Risk of 'data dumping' during transition to Government Security Classifications Policy (GSCP)

Auriga Consulting Ltd (Auriga), the data, ICT and security consultancy, has warned that public and private sector organisations could resort to reclassification in haste, or 'data dumping', in a bid to comply with the new Government Security Classifications Policy (GSCP). Central Government and their private sector suppliers have just nine months to transition from using the current six tiers of protective markings to three. Although the new system promises to simplify classification, the process could prove painful in the short term as organisations reevaluate data, assign categories and adjust their risk management posture.

The GSCP forms part of the Civil Service Reform Plan published in June 2013 which includes provisions for the simplification of security classifications and their risk-informed application. The current Government Protective Marking System (GPMS) will be superseded by GSCP, with the six tiers of TOP SECRET, SECRET, CONFIDENTIAL, RESTRICTED, PROTECT and UNCLASSIFIED being replaced by three: TOP SECRET, SECRET and OFFICIAL. The GSCP aims to reduce the complexity of data classification for government Departments, Agencies and their private sector suppliers. Finalised by Francis Maude, Minister for the Cabinet Office, in December 2012 with an anticipated launch of summer 2013, the new classifications policy gives organisations less than a year to complete transition planning before the go-live date of April 2014.
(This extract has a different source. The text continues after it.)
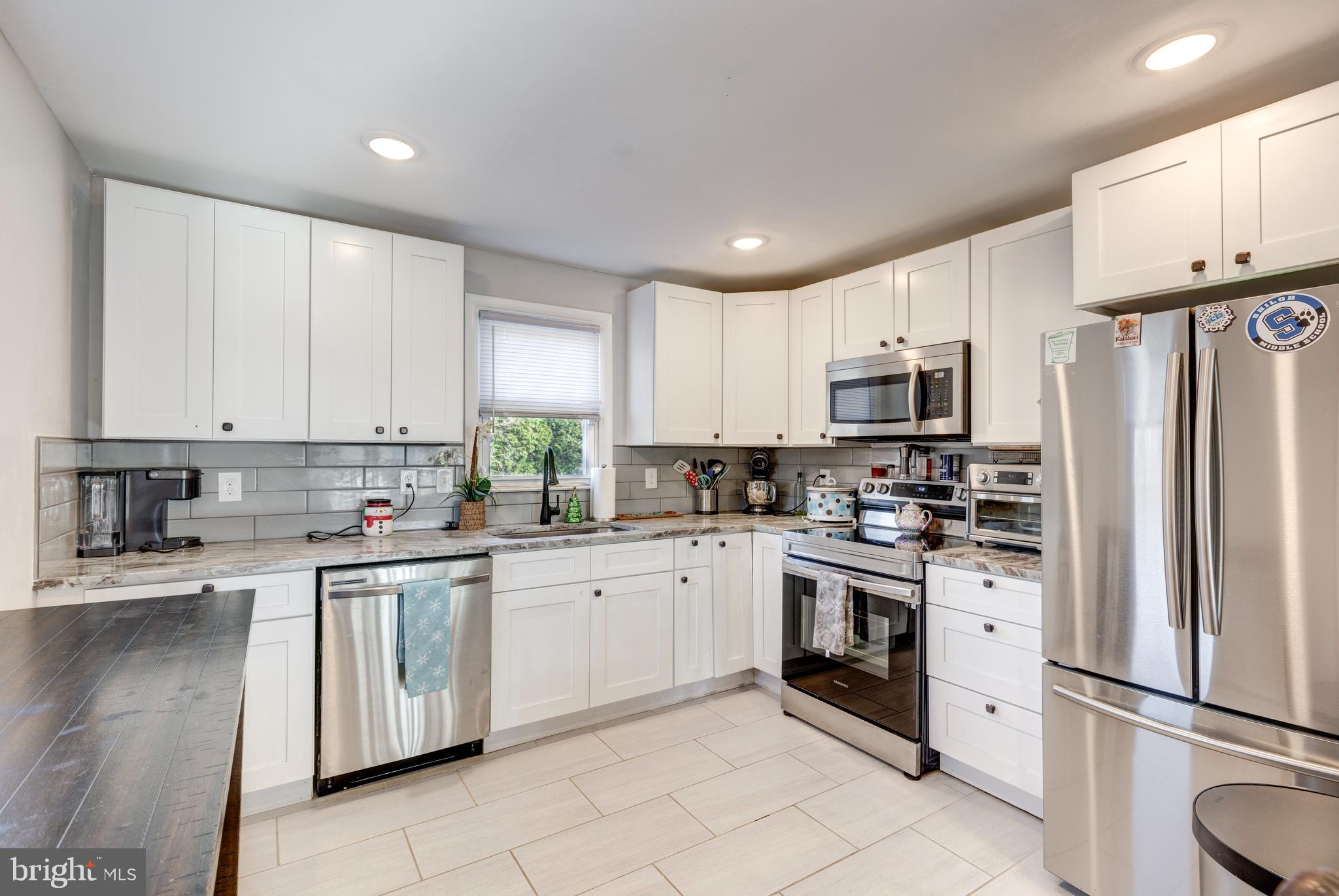 3932 Shiloh Avenue Hampstead, MD 21074 - Photo 2 of 48 Kitchen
Transition to GSCP is further complicated by an overreliance on existing protective markings which has seen the six tiers used as the basis for the formulation of Departmental risk management policy. Government Departments and Agencies that have used the current protective marking system to direct risk management processes will no longer be able to rely on this for OFFICIAL assets, which will not be labeled by default. A taxonomy will need to be put in place to help direct the underpinning risk management processes and create a more informed risk-driven approach to management. However, data-type alone will not be enough for Departments to employ an appropriate approach to risk management; consideration will also have to be given to, for example, business objectives, legal obligations, and social remit or operational requirements in order to provide the necessary context to support a truly informed risk-driven approach to management.

The GSCP presents a real opportunity for Government Departments, Agencies and their private sector suppliers. "A data classification system should be an integral aspect of any organisation's data lifecycle processes, with the approach to risk management, and the necessary level of assurance, shaped by the characteristics of each classification. The GSCP can help Departments and Agencies realise the business and security benefits of this, but only if data classification is well thought-through, effectively integrated with the organisation's data lifecycle processes, and not done in haste," said Geoff Eden, Subject Matter Expert, Auriga.

"Departmental planning will have to be meticulous where possible and involve substantial business and process change in order to realise more effective working practices and the required cultural change and reform that the policy is hoping to deliver. That takes time and patience but GSCP is essentially a form of transition and change management. Transition, transformation and change management are a key part of what we do under our ShieldACL offering. We have engaged GSCP experts involved in the initial development of the new classifications policy and they, together with our complementary team of CLAS and CESG Certified Professional (CCP) consultants, Business Analysts and Technical Architects, are able to advise upon transition planning, assist with transitioning and provide effective risk-informed implementation," said Louise T. Dunne, Managing Director, Auriga.